▶ [What to produce] Output exactly the lines from the line that has "Beautiful Lotus Flower" through the last line of the data below, with no pictures.
** Opening Information provided block **
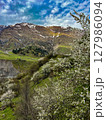 Blooming cherry trees against the mountains on the Georgian Military road. High quality photo 127986094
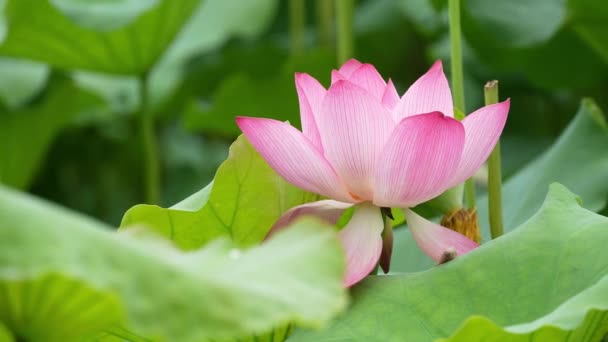 Beautiful Lotus Flower Garden Nature Background — Stock Video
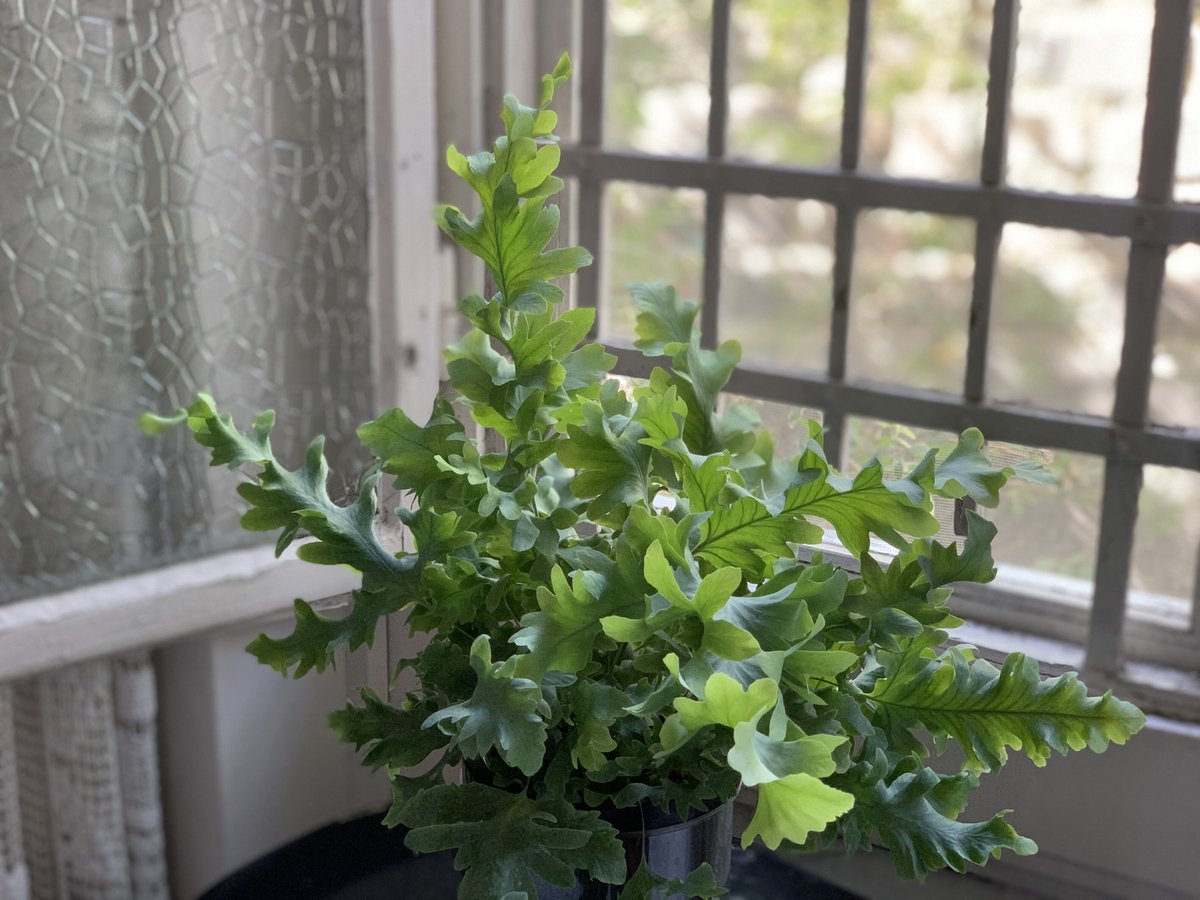 観葉植物 フレボディウム タバナ | kiccorie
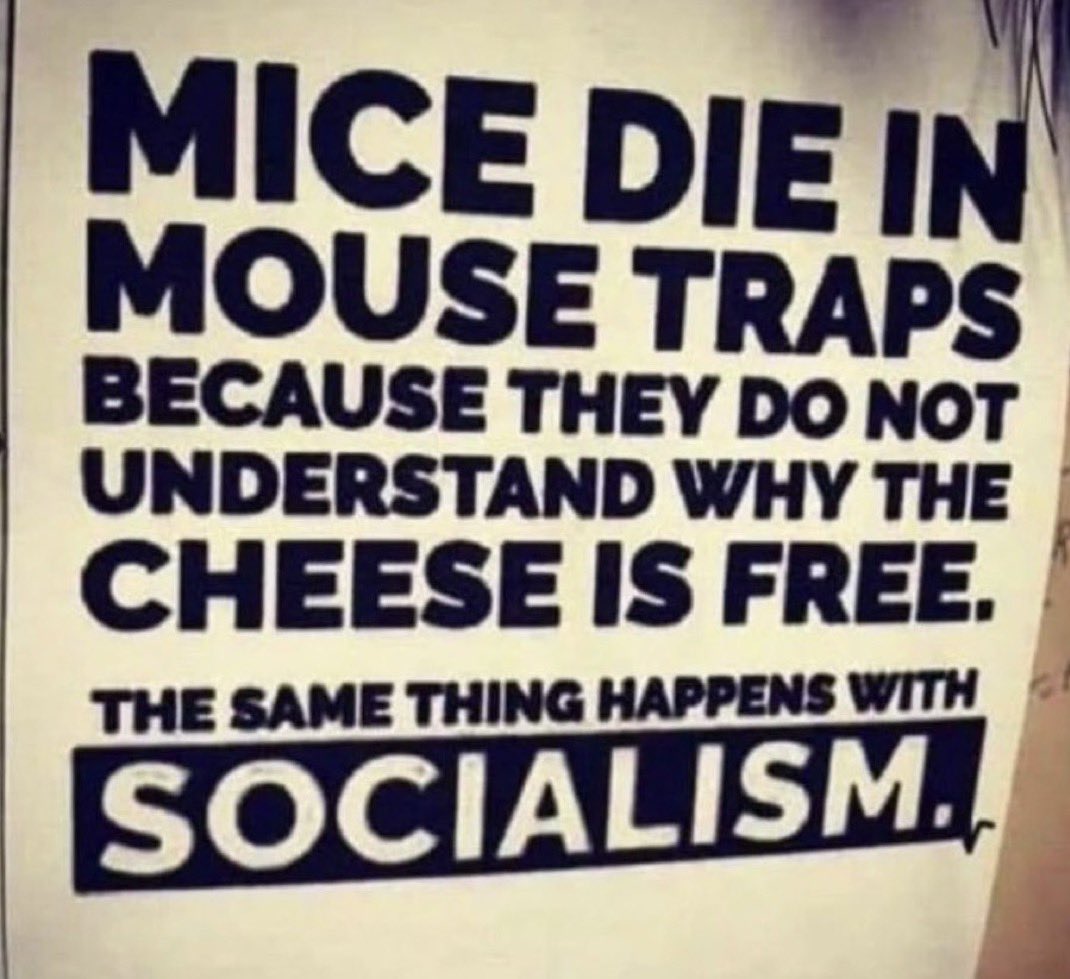 Grumpy ☄️ tweet media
** Closing Information provided block **
▶ [Solution to the exercise]
 Beautiful Lotus Flower Garden Nature Background — Stock Video
 観葉植物 フレボディウム タバナ | kiccorie
 Grumpy ☄️ tweet media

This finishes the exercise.